Tuesday, July 04, 2023

Chosin, for Remembrance on July 4th

How would you like to watch a German movie that pretends the Allied invasion was completely rebuffed at Normandy? That is essentially what the recent Chinese blockbuster Battle at Lake Changjin tries to do for the Korean War battle referred to in America and Korea as Chosin Reservoir (the film even opened in America with minimal challenges from what pass for Twitter-approved film critics). The truth is, it was the American Forces who were vastly outnumbered, but inflicted disproportionate casualties on the North Koreans and PLA—not vice versa. With the CCP literally trying to rewrite history, it is important to establish the truth, which director (and former Marine) Brian Iglesias does with authority in the documentary Chosin, which makes perfect 4th of July viewing (and look for a capsule review in an upcoming issue of American Essence magazine).

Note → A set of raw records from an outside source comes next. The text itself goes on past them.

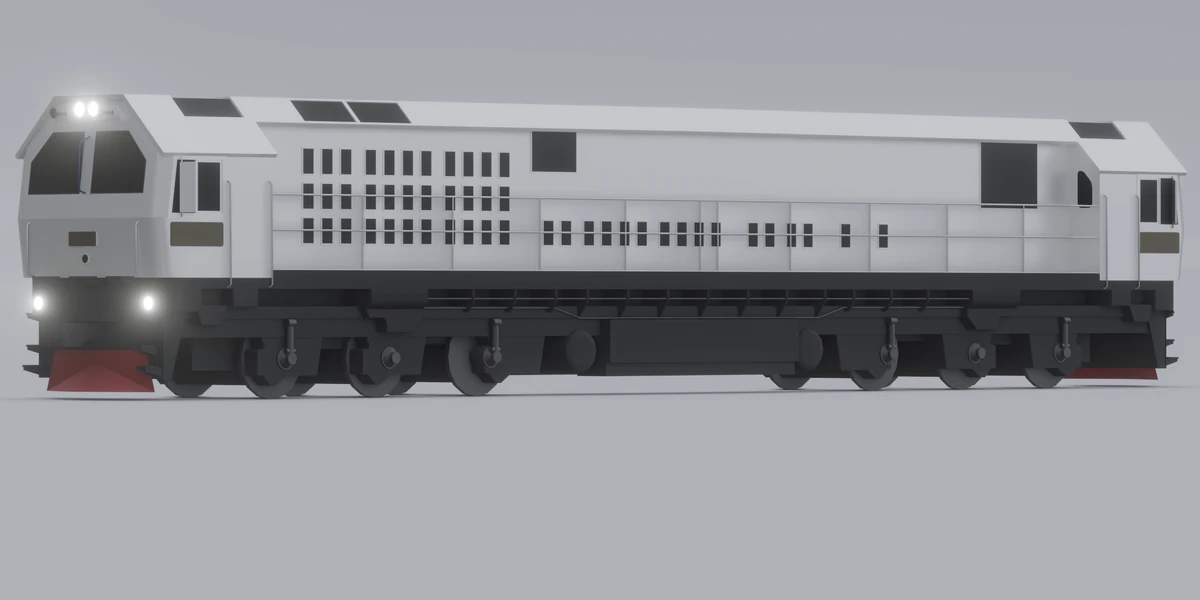 アート・デザイン・音楽 The Electric Locomotives of the N.E.R. アート・デザイン・音楽 The Electric Locomotives of the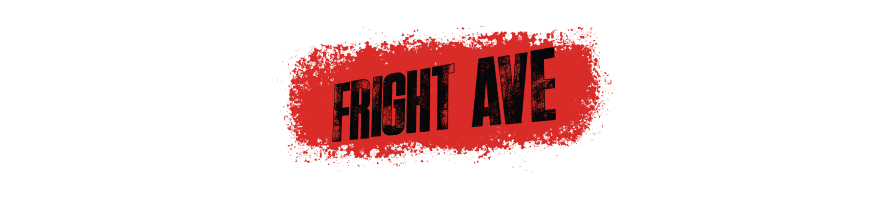 fright ave logo 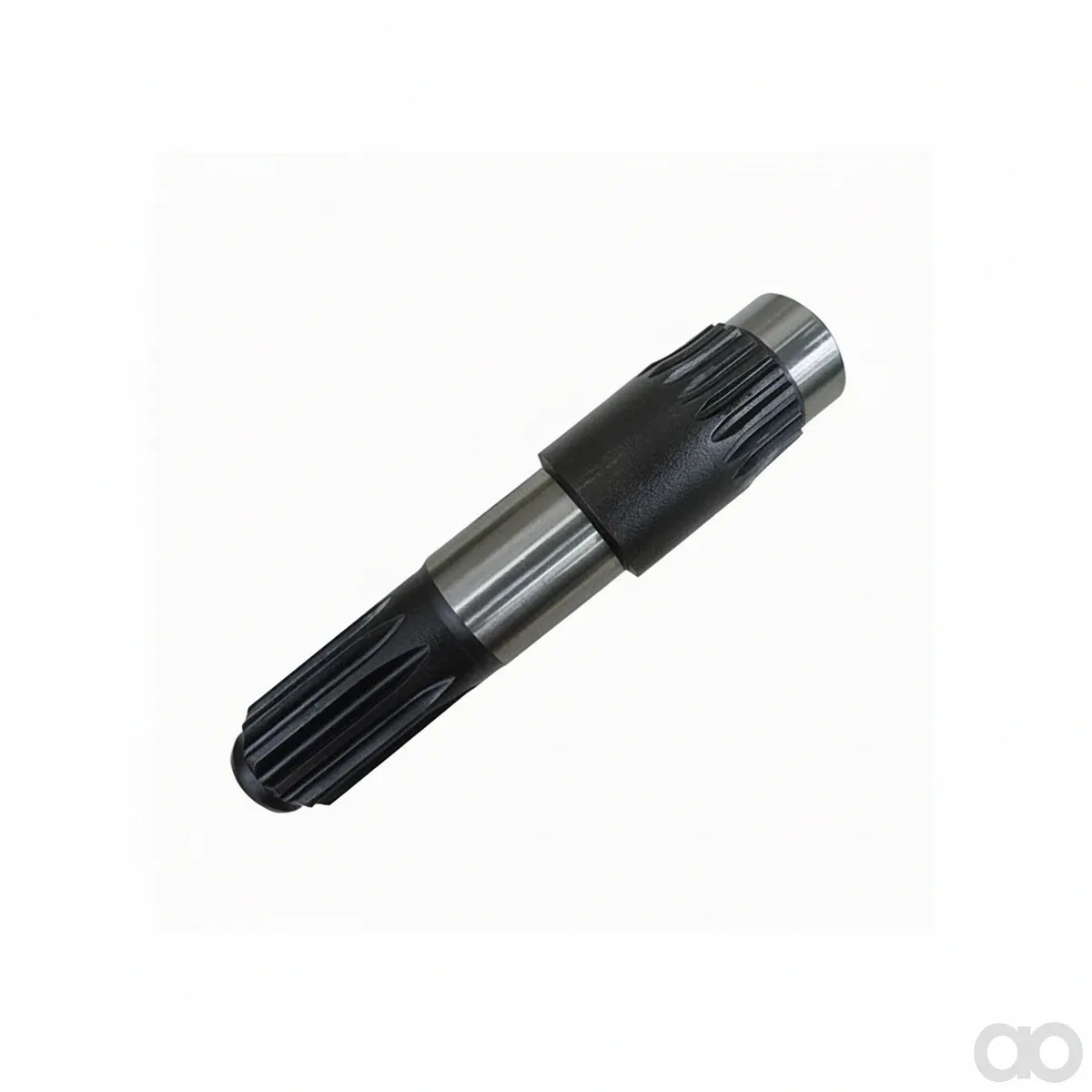 Case IH - 48067478 - Welle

The Second World War was not so very long ago, but America had already grown complacent. As a result, many young recruits were being trained by WWII veterans (probably including my grandfather) on the ships bound to Korea. Even to this day, Chosin is considered one of the three bloodiest battles the Marine Corps ever fought. Of course, the Korean War started when North invaded South, despite the DPRK’s propaganda to the country. By the time the Marines landed, South Korea was almost lost. The entire war was also almost lost at Chosin Reservoir.

Basically, the 1
st Marine Division found itself encircled at Chosin, largely by Chinese PLA troops, whom the top brass insisted were not in North Korea. Yet, the 15,000 Americans managed to punch through the 120,000 hostiles surrounding them, in order to escort 98,000 Korean civilians over 78 miles to safety. It is somewhat analogous to Dunkirk, but it was a much greater failure on the PLA’s part, allowing the 1st Division to largely remain intact.

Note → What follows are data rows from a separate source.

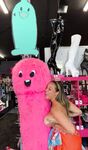 Exciting onlyfans Gallery sex gal leaks part 1
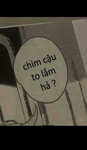 Sau này em sẽ nấu cơm 🥹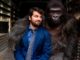 Attenti al Gorilla recensione film Attenti al Gorilla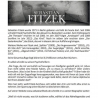 tfn-Programm-WEB-4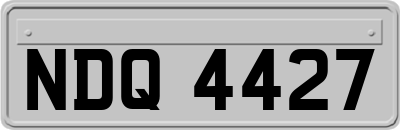 NDQ4427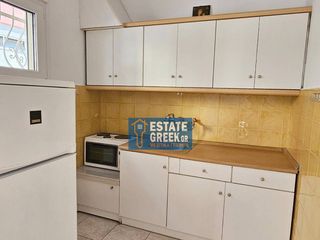 Studio / γκαρσονιέρα 60 τ.μ. για ενοικίαση, Ν. Καβάλας, Καβάλα-thumb-6
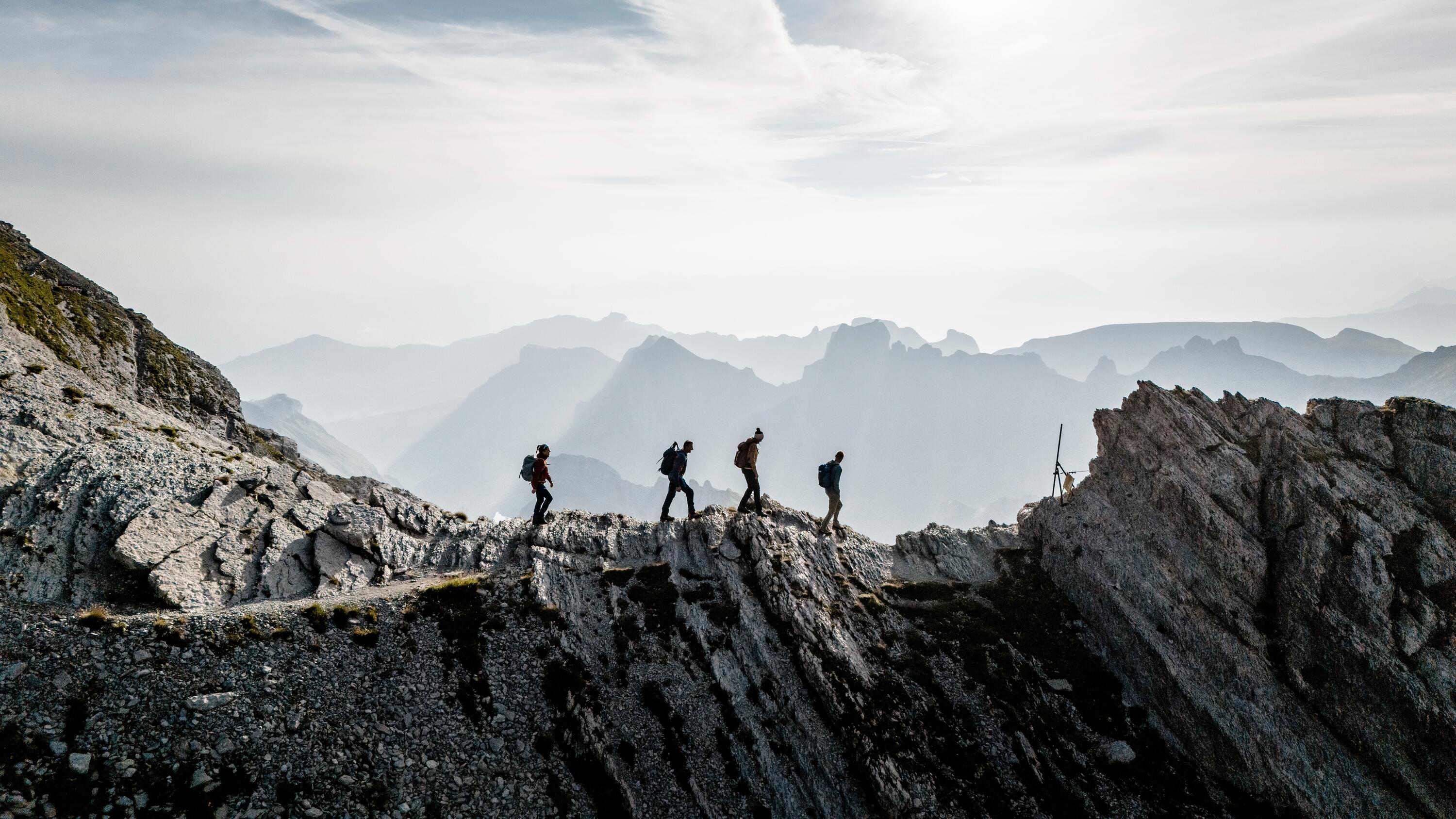 DECATHLON TRAVEL picture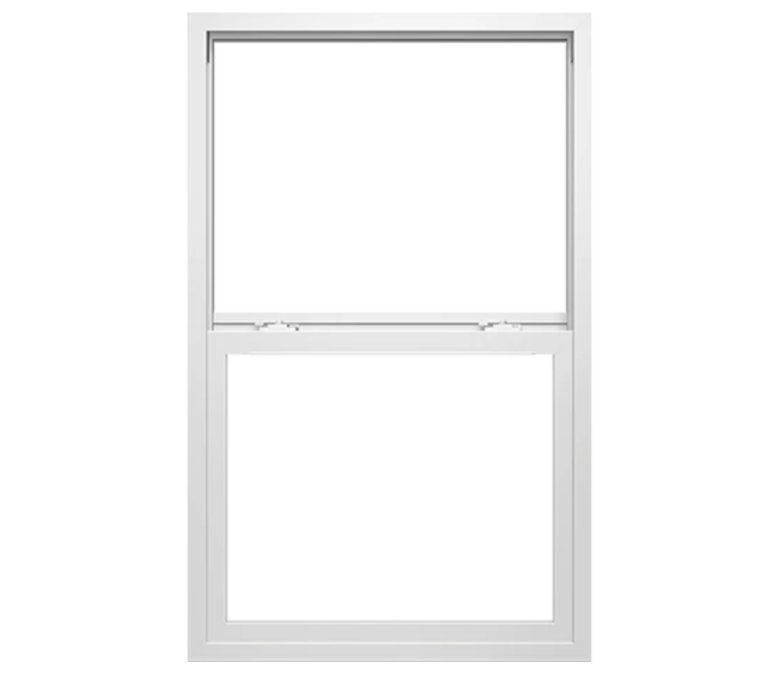 Sioux Falls Encompass by Pella Single Hung Window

The veterans Iglesias interviews have harrowing stories to tell of the battle, especially the Marine who fought barefoot in the frozen snow, because he had been wrapped in his sleeping bag when the fighting erupted. Admittedly, they often use colorful terms to refer to the PLA. Yet, it is important to also listen to how movingly they describe their experiences visiting South Korean decades later, as part of the ROK’s ongoing campaign to thank American veterans for their service and sacrifices.

is the definitive film on the Battle of Chosin Reservoir. It is also an extremely moving work of cinema. Iglesias’s approach to documentary filmmaking is straightforward and conventional, but it suits the seriousness of the subject. Since the CCP is trying to obscure, censor, and rewrite the truth, it is important that we preserve and remember it.

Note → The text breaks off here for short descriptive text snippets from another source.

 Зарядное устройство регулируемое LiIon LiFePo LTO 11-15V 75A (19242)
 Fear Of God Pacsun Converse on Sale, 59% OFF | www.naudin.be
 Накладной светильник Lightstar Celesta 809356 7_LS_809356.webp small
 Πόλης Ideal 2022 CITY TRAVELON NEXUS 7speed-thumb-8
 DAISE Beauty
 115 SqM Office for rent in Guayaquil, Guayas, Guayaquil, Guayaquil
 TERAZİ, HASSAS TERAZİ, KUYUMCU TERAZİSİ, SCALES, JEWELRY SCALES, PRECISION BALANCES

This documentary is all about courage and the price of freedom. At the end of the film, one of the veterans argues the Korean War should not be called the “Forgotten War.” It should be known as the “Forgotten Victory.”

Indeed, it was a victory. South Korea became one of the Four Asian Economic Tigers, which currently dominates global culture with its K-pop and K-dramas. On the other hand, North Korea cannot be seen at night from satellites, because there is so little electricity. Yet, at the end of the War, the North was thought to have a slight advantage, in terms of natural resources. Thanks to the heroism of the Chosin veterans, we have a crystal-clear example of capitalism’s superiority over socialism and tyranny. So, this 4
th of July, give thanks and consider watching Iglesias’s highly recommended Chosin, which is available to rent or buy on Prime.